Which scenario do you fall into?

Would you want to limit yourself to a lot of small gains, and be prepared to suffer the occasional large loss?

Or would you be prepared to have lots of small losses and wait for the occasional large profit?

To achieve the first, this can only occur if you have stops that allow the losses to greatly exceed the win sizes. You are therefore reliant upon having a very high win percentage to make money over the long run. The problem occurs if this sort of system starts to suffer a series of losing trades, or maybe even a single loss far outweight any previous large losses. This almost certainly leads either to a significant drawdown or even an account blow up. The problems become even more acute if you are risking too much per trade, relative to your equity.

In the second scenario, losses are kept to a minimum and the profitable positions are left to run. These trades, when they do come along, cover all the small losses, and generate an overall profit.

I have had the pleasure of speaking to another trend following trader in Canada, who has created a system to trade commodities and foreign exchange. He used extremely tight stops, and incurred a high number of consecutive losses using the system. Fortunately, he uses good risk control and was aware that he could suffer such a run. Then, he got short signals in both gold and silver a few weeks back. Just those two trades alone have generated mammoth profits, leaving him nicely in profit.
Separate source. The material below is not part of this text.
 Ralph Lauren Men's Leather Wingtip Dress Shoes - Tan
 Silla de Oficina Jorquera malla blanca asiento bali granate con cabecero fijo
Anybody serious about trading will want to put the odds in their favour as best as possible. They would want to limit their losses, and to ensure they do not limit their profits. Unfortunately, there are a lot of traders who seek comfort in a high win rate. Calculating the overall expectancy of your system over a reasonable number of trades will guide you in this respect (refer to this post from 2010 for more).

As Bernard Baruch said "If a speculator is correct half of the time, he is hitting a good average. Even being right 3 or 4 times out of 10 should yield a person a fortune if he has the sense to cut his losses quickly on the ventures where he is wrong."